■ INFORMATION PROVIDED
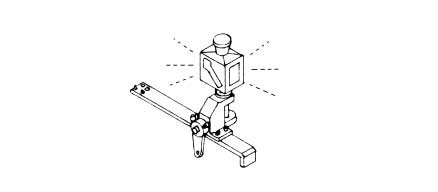 Weinert 72392 - Rechte Weichenlaterne, mit Lichtleiter beleuchtet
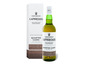 Eine Flasche Laphroaig Islay Single Malt Scotch Whisky aus der Cask Collection mit dem Geschmack Quarter Casks.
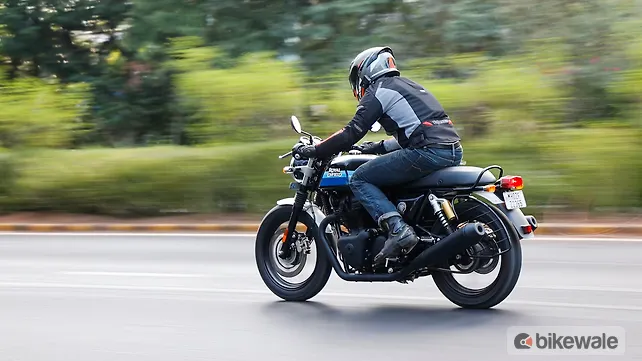 Royal Enfield Continental GT 650 Left Side View Royal Enfield Continental GT 650 Left Side View
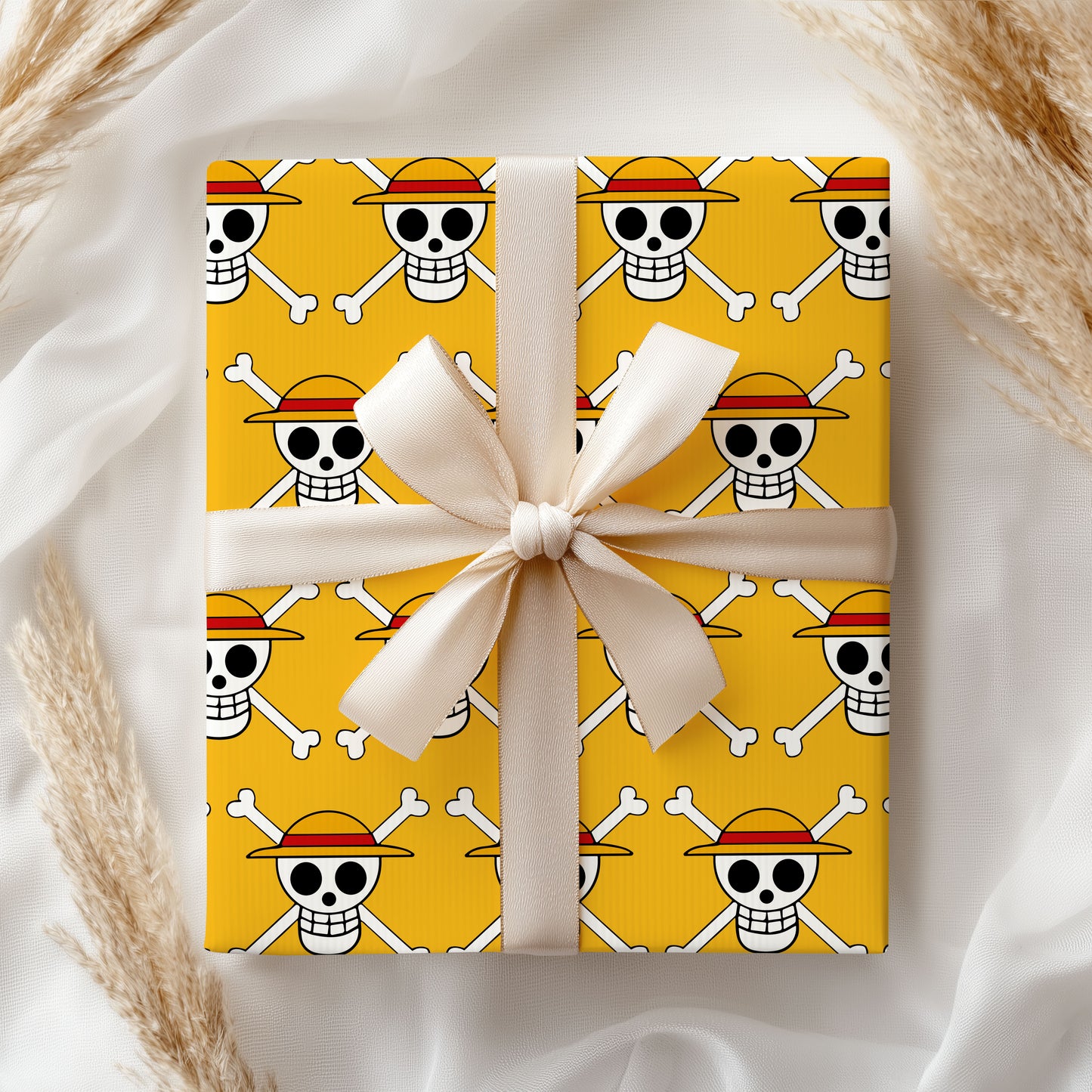One Piece Wrapping Paper Birthday Gift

■ PROBLEM DETAILS
Every line of the listing above is to be set down verbatim, without the pictures.

■ ANSWER TO THIS EXERCISE
 Weinert 72392 - Rechte Weichenlaterne, mit Lichtleiter beleuchtet
 Eine Flasche Laphroaig Islay Single Malt Scotch Whisky aus der Cask Collection mit dem Geschmack Quarter Casks.
 Royal Enfield Continental GT 650 Left Side View Royal Enfield Continental GT 650 Left Side View
One Piece Wrapping Paper Birthday Gift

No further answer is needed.